# Fort Morgan



## jfinch (Apr 28, 2009)

Got back from Fort Morgan last night. Was down for a few days. Here is my report. We were just west of Bon Secur wild life refuge.

Wednesday: Arrived and got lisence, tackle, food etc from Wal-Mart. Played with the kids for a few hours on the beach. Got to fishing after 5 and caught a number of Lady fish and two pompano.

Thursday: went down to the Fort only caught catfish but my son had a good time reeling them in.

Friday: fished the afternoon caught another pompano and a 2 1/2 foot stingray.

Saturday: tried at first light but only caught lady fish. Went later that afternoon and caught a couple catfish and a 2 foot shark.

Had a good time and brought a little fish home. Was fishing with fresh shrimp. There seemed to be plenty of fleas in the surf. I caught a few with my hands but I can't seem to keep them on the hook. They kept flinging off when I cast.


----------



## FishinFreak (Oct 2, 2007)

When you hook the sand flea, run the point of the hook through the digger (the shield-shaped flap on the underside) then through the flea. That will help hold it on the hook and keep the flea from burying itself. Nice report.


----------



## saltfisher1 (Oct 8, 2007)

Still sounds like fun to me....I heard they were looking for a drowned boater down there?....Anyone hear about that?


----------



## cert-315 (Apr 13, 2009)

What kind of shark did you catch? Hammer?


----------



## jfinch (Apr 28, 2009)

Not 100% sure the kind of shark. It did not look like the pictures of the black tips I have seen. It could have been a sharpnosed though. Definnitely not a hammerhead though.


----------



## muscall (May 19, 2009)

I just got back from Fort Morgan also. I'm not sure about the missing person, but at the ferry Sunday morning there were several law enforcement and rescue type boats there. I found the fishing to be really fun and through the week caught the following

1 Pompano

1 sheepshead

2 catfish

2 hardtails

bunches of whiting

an army of ladyfish

and a big batch of Alabama CHIGGERS.

Had a great time and wished it could have went on longer. Enjoyed eating over at the Tin Top Market. 

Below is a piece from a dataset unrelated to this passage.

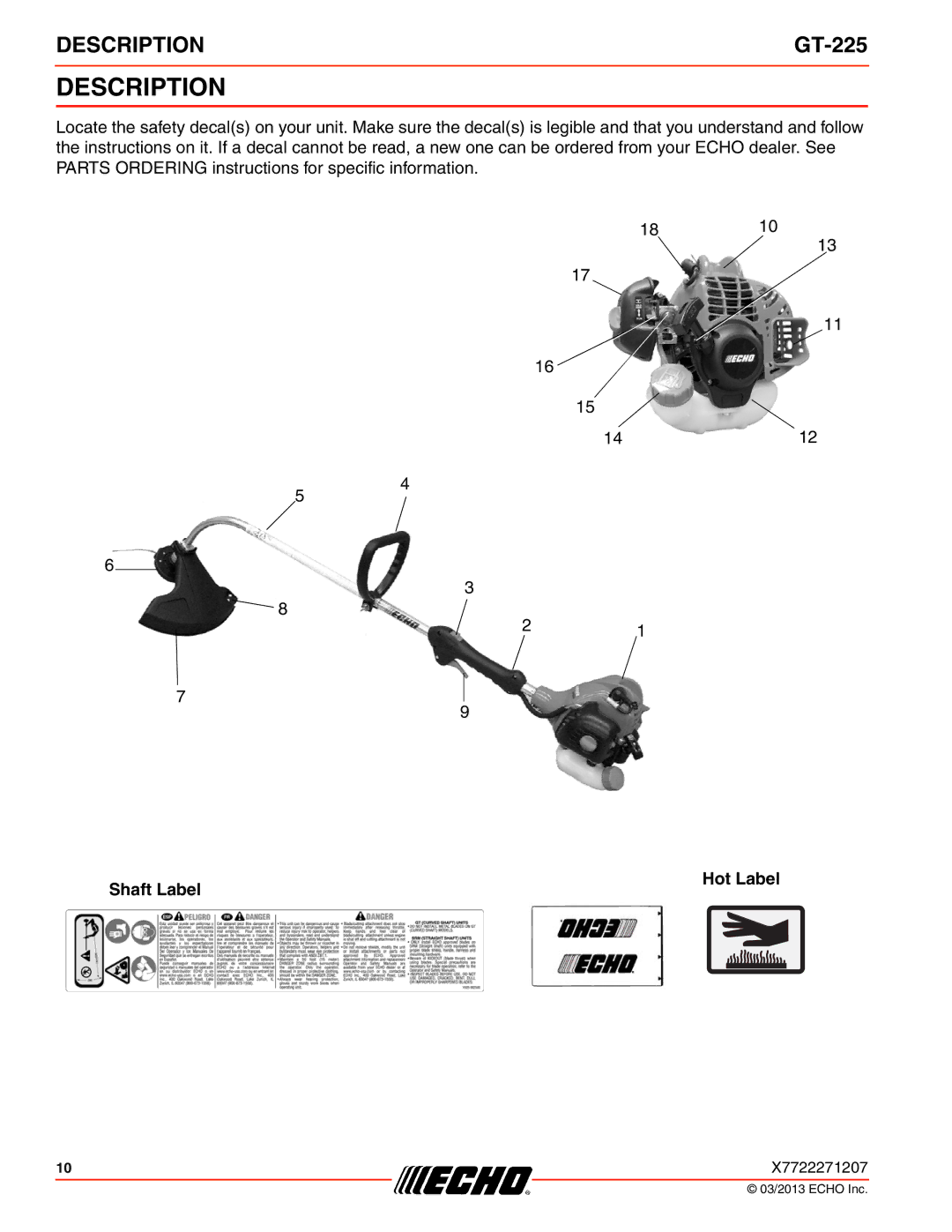 Echo GT-225 specifications Description 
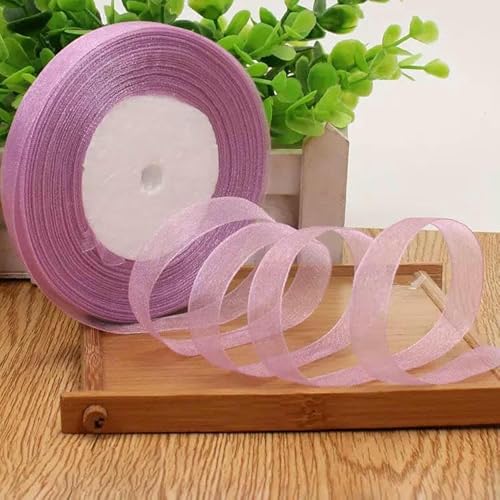 12 mm transparente Organzabänder, 45,7 m/Rolle, DIY, handgefertigt, Bastelstoff, Weihnachten, Halloween, Hochzeitsfeier, Geschenkband, 1170 Violett, 12 mm breit 12 mm transparente Organzabänder, 45,7 m/Rolle, DIY, handgefertigt, Bastelstoff, Weihnachten, Halloween, Hochzeitsfeier, Geschenkband, 1170 Violett, 12 mm breit von AYHTUD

Have a great summer everyone.


----------



## cert-315 (Apr 13, 2009)

Right on, at least ya caught a shark, whatever it was! I only ask because I've heard of hammerheads showing up there in the last two weeks. Glad you had a good time!


----------



## saltfisher1 (Oct 8, 2007)

They found the drowned guy....Prayers are out for his family.


----------